Matt Wilcox said on May 11, 2010

@Carl - spot on. But you implement the NON vendor prefixed version, or if it's not been accepted into the W3C yet then you roll your own prefix. You don't hijack someone else's prefix - because if you do you can very easily break the web.

Matt Wilcox said on May 11, 2010

Sorry Jonathan, I don't mean to be tearing your position up but this did make me do a double take the second time through:

"The general consensus on Twitter would indicate that this is a bad thing but while there is a scenario where this could go terribly wrong, I haven't found a real world example to back it up"

Why do we need a real world example to back it up? If the logic is sound then it's sound. I don't need a real world car crash to point to as evidence for a logic flaw possibly being fatal.

Isofarro said on May 11, 2010

Marco, I'm remixing your comment for comparison (this isn't a criticism of your comment):

I think that the probably reason why Microsoft resorted to such an action is because they realized that a majority of developers of websites have been "ignoring" non-Netscape browsers.

With Netscape sporting a Mozilla browser that means that a very large percentage of internet users will be using a Mozilla-based browser.

It's very common for me to go across a site's markup and find that the front-end-dev implements Netscape-specific tags.

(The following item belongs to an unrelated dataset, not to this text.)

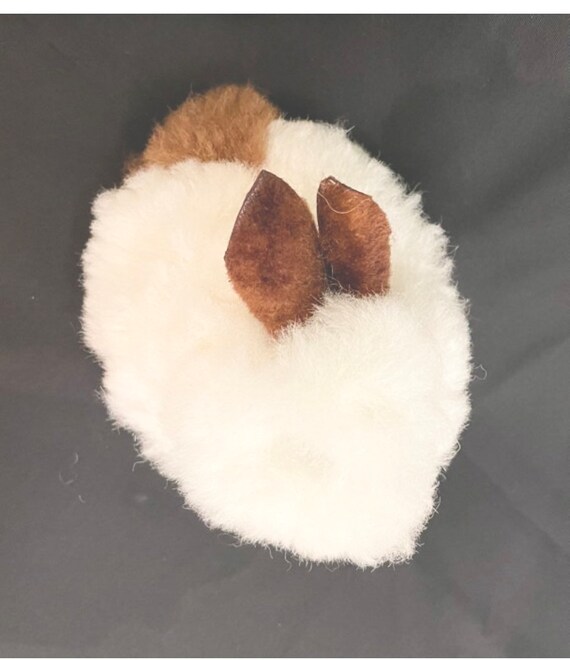 stuffed easter llama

Bottom line: yes, it is a bit "cheap" that Microsoft is implementing another vendor's User Agent String in IE, to get sites to render better on it, but I honestly think that they wouldn't have done it if the devs hadn't forgotten about the future of specification, and other browsers.

Microsoft is doing this to remain competitive.

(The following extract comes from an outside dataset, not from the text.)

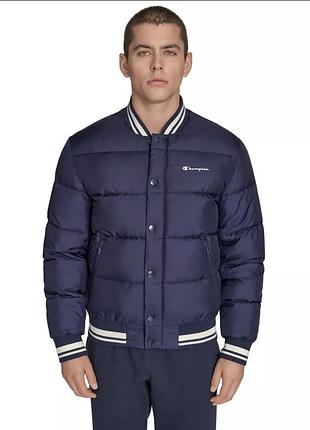 Чоловічий пуховик-бомбер champion premium retro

-- 15+ years. Same Microsoft. No difference.

Joe Marini said on May 11, 2010

Hi everyone,

We've decided against adding support for the -webkit- prefix after hearing everyone's feedback.

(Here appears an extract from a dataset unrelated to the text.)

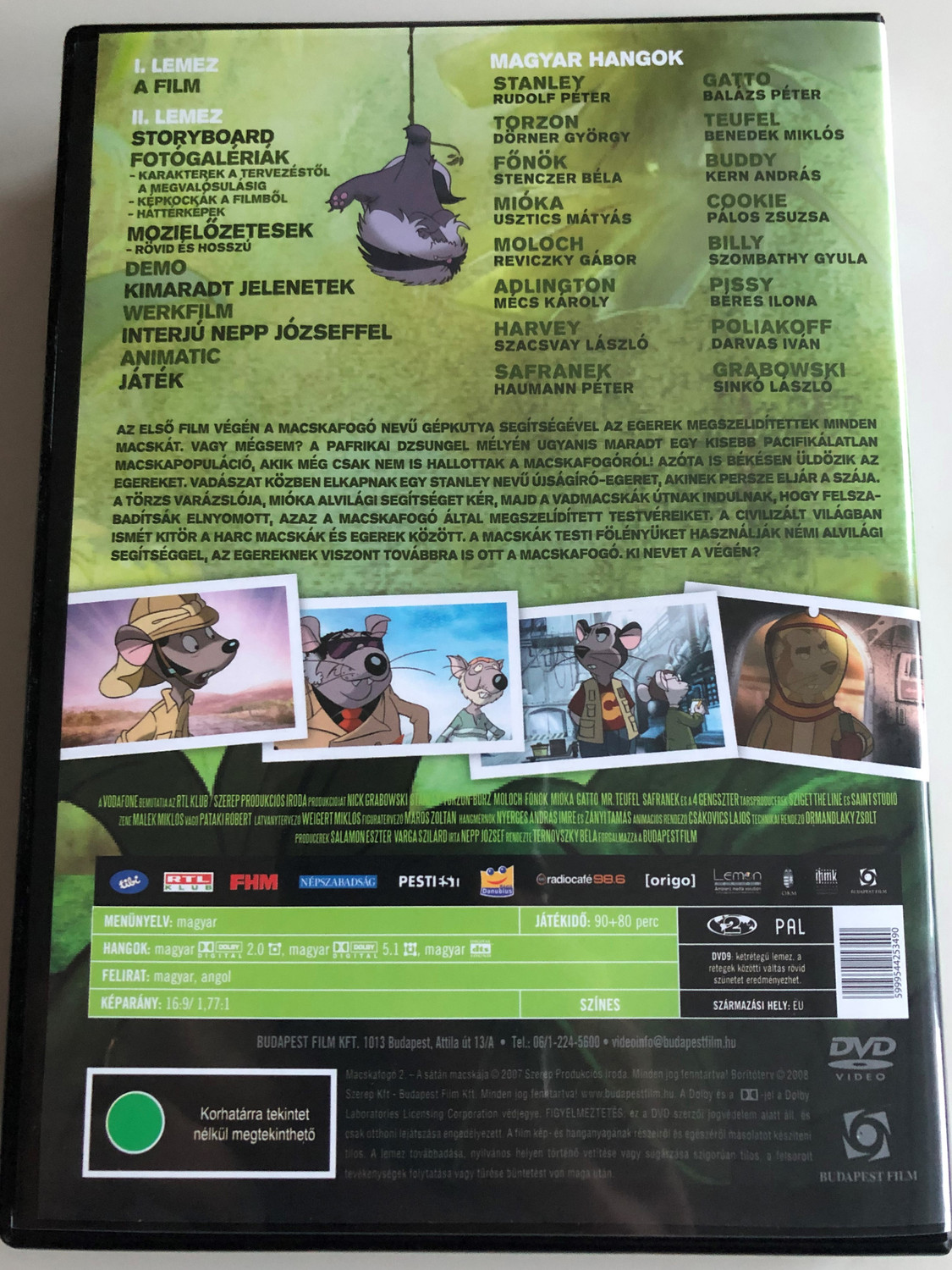 Macskafogó – A sátán macskája Cat City 2: The Cat of Satan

Thanks to all who weighed in on the issue. We've posted a follow-up on the IE Mobile blog for all who are interested.

Kyle said on May 11, 2010

By the way, Opera supports "opacity" now, they dropped the -o-opacity. Same goes for the border-radius. Only Mozilla and Webkit do this, which is silly. It's no different than the IE filters and transitions.

Matt Wilcox said on May 11, 2010

Nice work Joe, and thanks for listening and having a good sense of humour too :)

Joe Marini said on May 12, 2010

Thanks Matt. Proof positive that we do listen...

Ryan Cannon said on May 12, 2010

Isn't there a big risk of large-market browsers stagnating innovation of smaller browsers by doing this? An example:

  1. Browser I has 60% market share. Browser S has 5% market share.
  2. Browser S implements a selector, -s-cool-new-feature and everyone loves it.
  3. Browser S increases to 10% market share, Browser I decreases to 58% market share.
  4. Browser I implements the -s-cool-new-feature selector incorrectly, causing a browser-exploding bug.
  5. Web Developers have to remove -s-cool-new-feature because the it borks the vast majority of their users' browsers.

I think it's just bad form to do that.

A reader said on May 15, 2010

Completely offtopic, but is the software used on this website open source?

Tasarım said on May 18, 2010

I think it's getting out of control. I agree with Ryan Cannon on this. If it goes on like this, there will be so many prefixes for so many controls (border radius, opacity etc.), that designers won't be able to keep track of them soon tbh.

I'm just hoping that browsers will sometime start to obey basic css3 selectors all-together without the webkits, so that 10 years from now we won't have another case of IE6.

Wayne Renbjor said on May 26, 2010

I thought the point of standardization was to eliminate the need for -webkit-X and -moz-X why cant I just type X and it works in all browsers... MS should just quit the browser game and stick to making crappy OS's....

Kyle Mechler said on June 07, 2010

How far away are we from having browsers that are effectively media-types. Maintaining 5+ CSS files sounds daunting. Then again, if that were the case at least some reasonable group could take hold, let us write ONE, then it would be interpreted in to the other five, and ... wait.

This is a nightmare.

Joe said on June 10, 2010

come on people.. are you still use IE?